Collected data:
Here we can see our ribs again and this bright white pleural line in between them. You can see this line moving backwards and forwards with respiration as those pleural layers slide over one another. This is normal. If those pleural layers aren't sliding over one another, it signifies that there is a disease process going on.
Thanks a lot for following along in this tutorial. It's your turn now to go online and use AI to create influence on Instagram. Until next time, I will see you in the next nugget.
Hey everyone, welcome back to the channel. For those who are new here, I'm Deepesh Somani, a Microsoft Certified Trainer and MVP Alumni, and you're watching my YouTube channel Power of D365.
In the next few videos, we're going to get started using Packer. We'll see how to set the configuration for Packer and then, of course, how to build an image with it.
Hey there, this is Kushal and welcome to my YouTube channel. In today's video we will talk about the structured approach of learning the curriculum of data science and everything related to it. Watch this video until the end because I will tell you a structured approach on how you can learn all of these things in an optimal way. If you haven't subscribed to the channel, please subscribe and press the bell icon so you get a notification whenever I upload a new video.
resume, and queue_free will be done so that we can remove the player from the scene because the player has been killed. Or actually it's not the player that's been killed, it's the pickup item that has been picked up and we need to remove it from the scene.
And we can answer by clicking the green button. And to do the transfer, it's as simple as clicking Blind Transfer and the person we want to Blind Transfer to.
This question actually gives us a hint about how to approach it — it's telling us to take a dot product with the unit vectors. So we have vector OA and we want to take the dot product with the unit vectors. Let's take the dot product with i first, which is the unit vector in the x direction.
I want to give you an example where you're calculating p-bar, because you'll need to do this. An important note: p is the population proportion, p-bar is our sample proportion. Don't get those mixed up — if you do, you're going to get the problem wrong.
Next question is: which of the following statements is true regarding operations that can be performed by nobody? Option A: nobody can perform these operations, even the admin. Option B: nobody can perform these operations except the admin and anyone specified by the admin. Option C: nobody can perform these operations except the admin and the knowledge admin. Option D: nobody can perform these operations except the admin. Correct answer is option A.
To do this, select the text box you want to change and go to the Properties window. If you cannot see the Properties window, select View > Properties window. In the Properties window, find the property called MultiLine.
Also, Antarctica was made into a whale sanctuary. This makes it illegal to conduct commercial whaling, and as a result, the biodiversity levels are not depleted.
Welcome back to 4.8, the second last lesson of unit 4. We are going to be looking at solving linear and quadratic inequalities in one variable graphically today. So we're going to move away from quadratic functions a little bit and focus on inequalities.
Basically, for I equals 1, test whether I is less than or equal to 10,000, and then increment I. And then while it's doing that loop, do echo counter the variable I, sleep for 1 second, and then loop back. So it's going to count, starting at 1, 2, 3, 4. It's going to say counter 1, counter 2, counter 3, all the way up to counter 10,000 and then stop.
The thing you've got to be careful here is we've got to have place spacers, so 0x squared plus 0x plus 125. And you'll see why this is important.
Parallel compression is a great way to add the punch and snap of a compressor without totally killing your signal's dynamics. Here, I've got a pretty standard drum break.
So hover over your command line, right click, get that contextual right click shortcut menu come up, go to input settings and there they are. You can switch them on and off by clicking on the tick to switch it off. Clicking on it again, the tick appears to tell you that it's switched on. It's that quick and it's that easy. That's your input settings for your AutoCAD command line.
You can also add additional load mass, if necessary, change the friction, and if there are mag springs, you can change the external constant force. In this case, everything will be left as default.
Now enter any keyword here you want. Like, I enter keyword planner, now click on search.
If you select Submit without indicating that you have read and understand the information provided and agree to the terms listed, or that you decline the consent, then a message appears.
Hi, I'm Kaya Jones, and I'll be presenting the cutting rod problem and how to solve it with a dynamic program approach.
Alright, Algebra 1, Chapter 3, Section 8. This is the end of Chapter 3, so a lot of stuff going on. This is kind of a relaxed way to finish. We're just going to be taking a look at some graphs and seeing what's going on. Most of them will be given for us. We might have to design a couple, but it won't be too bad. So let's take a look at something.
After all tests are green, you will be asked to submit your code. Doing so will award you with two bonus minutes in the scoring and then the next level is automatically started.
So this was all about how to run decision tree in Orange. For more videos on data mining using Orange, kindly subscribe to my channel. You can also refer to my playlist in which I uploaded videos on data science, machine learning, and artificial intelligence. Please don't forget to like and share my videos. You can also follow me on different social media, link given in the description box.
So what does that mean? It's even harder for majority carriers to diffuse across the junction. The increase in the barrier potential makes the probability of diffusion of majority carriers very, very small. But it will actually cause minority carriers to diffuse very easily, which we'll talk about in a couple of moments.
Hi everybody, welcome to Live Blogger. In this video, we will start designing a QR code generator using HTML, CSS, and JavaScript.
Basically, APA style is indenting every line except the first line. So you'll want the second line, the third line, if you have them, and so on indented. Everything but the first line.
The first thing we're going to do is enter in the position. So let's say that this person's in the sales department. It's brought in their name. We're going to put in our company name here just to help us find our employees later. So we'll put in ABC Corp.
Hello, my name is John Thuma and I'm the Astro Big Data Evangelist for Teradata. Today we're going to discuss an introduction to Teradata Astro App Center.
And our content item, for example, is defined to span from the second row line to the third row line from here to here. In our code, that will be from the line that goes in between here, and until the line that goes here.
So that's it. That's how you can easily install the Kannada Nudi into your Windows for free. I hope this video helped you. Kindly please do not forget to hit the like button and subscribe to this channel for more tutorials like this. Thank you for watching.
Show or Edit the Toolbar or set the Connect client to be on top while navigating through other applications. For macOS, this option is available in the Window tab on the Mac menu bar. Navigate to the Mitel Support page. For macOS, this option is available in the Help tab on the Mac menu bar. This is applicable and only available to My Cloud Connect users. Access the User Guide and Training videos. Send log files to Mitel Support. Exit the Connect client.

> Problem description: Whenever a line above contains "because", copy that line.

> Response:
Hey there, this is Kushal and welcome to my YouTube channel. In today's video we will talk about the structured approach of learning the curriculum of data science and everything related to it. Watch this video until the end because I will tell you a structured approach on how you can learn all of these things in an optimal way. If you haven't subscribed to the channel, please subscribe and press the bell icon so you get a notification whenever I upload a new video.
resume, and queue_free will be done so that we can remove the player from the scene because the player has been killed. Or actually it's not the player that's been killed, it's the pickup item that has been picked up and we need to remove it from the scene.
I want to give you an example where you're calculating p-bar, because you'll need to do this. An important note: p is the population proportion, p-bar is our sample proportion. Don't get those mixed up — if you do, you're going to get the problem wrong.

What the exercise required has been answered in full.